◆ Task goal ◆
An exact copy of the listing below is needed, with no pictures in it.

◆ Data provided ◆
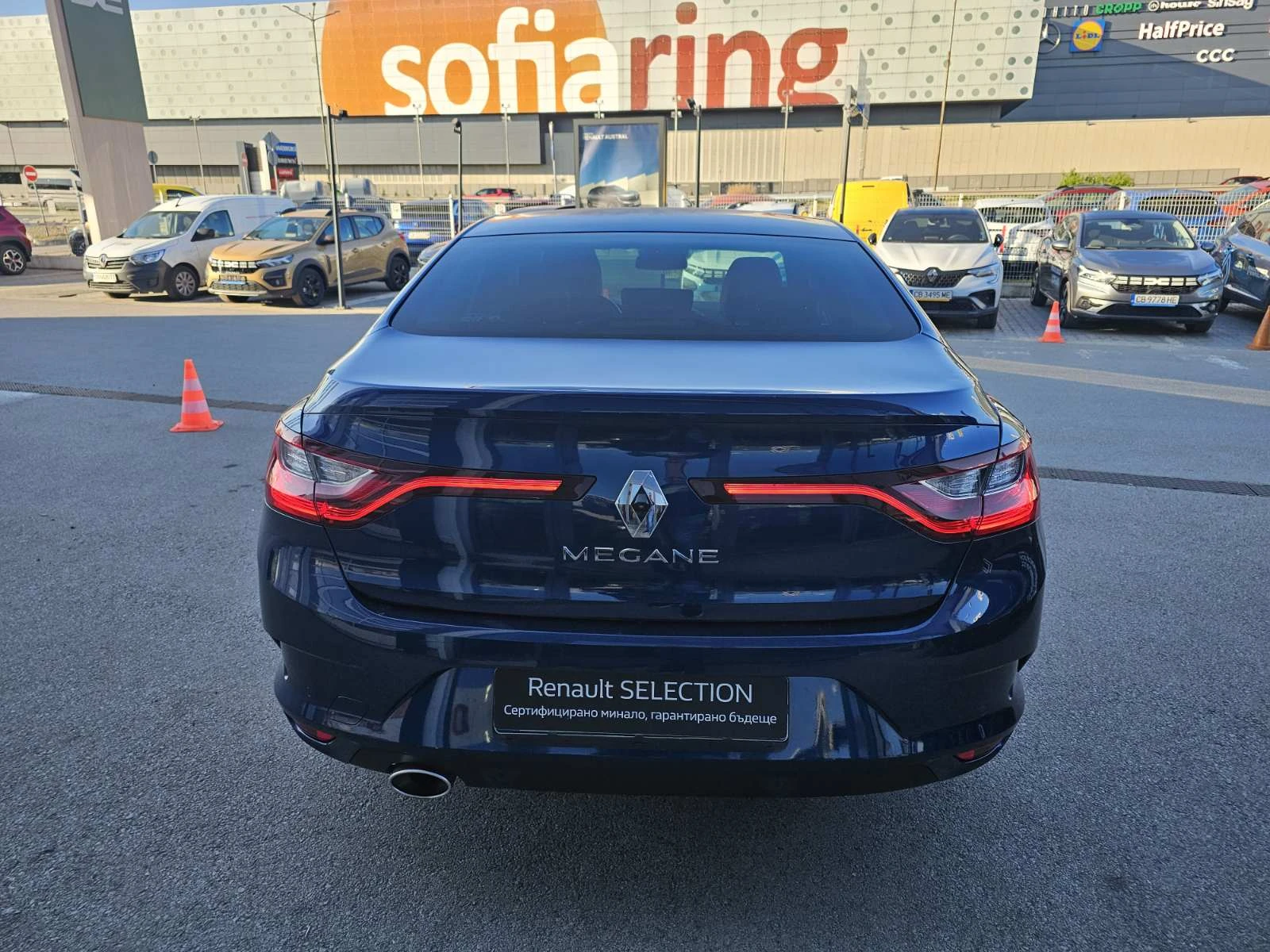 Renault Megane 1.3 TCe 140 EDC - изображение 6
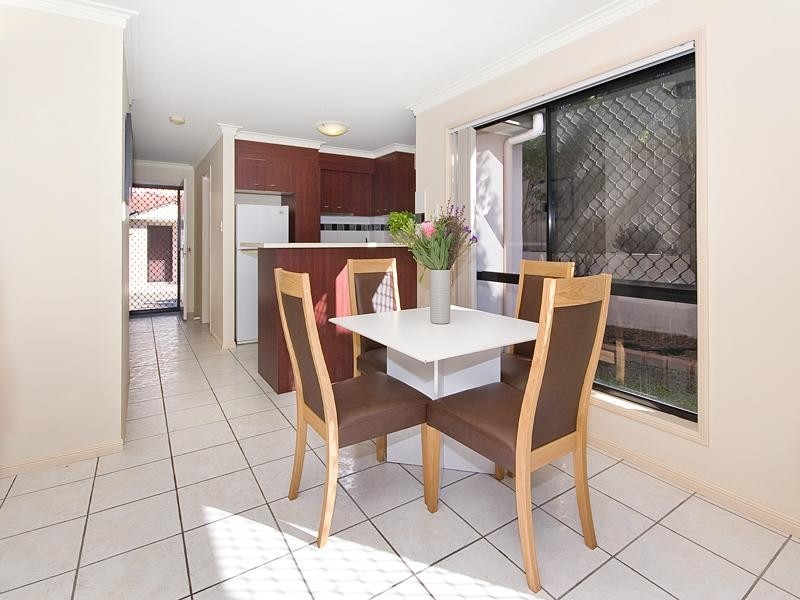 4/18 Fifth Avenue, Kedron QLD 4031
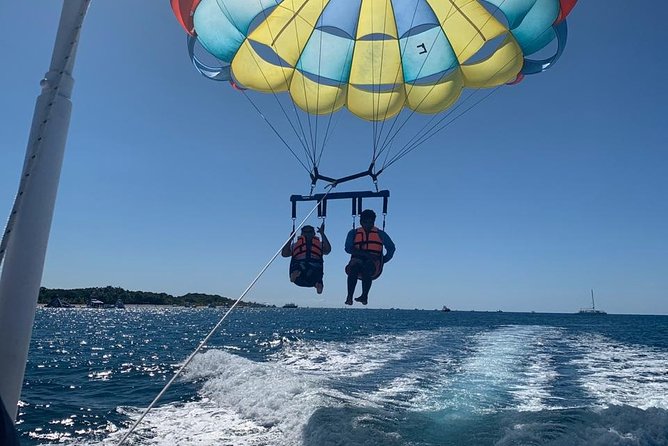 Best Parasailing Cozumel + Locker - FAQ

◆ Solution to the exercise ◆
 Renault Megane 1.3 TCe 140 EDC - изображение 6
 4/18 Fifth Avenue, Kedron QLD 4031
 Best Parasailing Cozumel + Locker - FAQ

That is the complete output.